Integrity Legal

Posts Tagged ‘Thailand Marriage Registration’

17th June 2009

Information swirling around the internet regarding prenuptial agreements can be less than helpful or downright dangerous. One thing to bear in mind is the fact that writing one’s own prenuptial agreement is generally not a wise idea because an attorney understands the legal implications of certain language used in the agreement. Someone without legal training might be unaware of the consequences involved when using or omitting certain key phrases.

There is a rather common misconception that prenuptial agreements will be held inviolate by the courts. This is frankly not true. There are situations where a court will throw out a prenuptial agreement. For this reason, it may be doubly important that professional legal counsel be retained in order to forestall a judicial nullification of an otherwise duly formalized prenuptial agreement.

A misconception of less prevalence in the United States, but perhaps more prevalent in the Kingdom of Thailand is the idea that prenuptial agreements will be automatically thrown out of court. This belief is especially widespread among the British expatriate community in Thailand.
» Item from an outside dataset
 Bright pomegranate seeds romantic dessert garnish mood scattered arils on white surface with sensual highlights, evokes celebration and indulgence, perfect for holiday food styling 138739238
Although it is true that British Courts take a dim view regarding prenuptial agreements, there are some instances of the court taking them into account when dividing marital property, but as a rule, they are not generally recognized. That being said, Thai courts will recognize a duly formalized prenuptial agreement and for this reason it is probably prudent for the expat with assets that he wishes to protect in Thailand to register a prenuptial agreement at the time of the Thailand Marriage Registration.

Some people believe that prenuptial agreements can make stipulations regarding child custody. It is an almost universal fact that prenuptial agreements that make provisions for child custody, particularly with regard to as-yet unborn children, will be thrown out of court, because it is the Court’s duty to make decisions regarding the child based upon the best interests of that child.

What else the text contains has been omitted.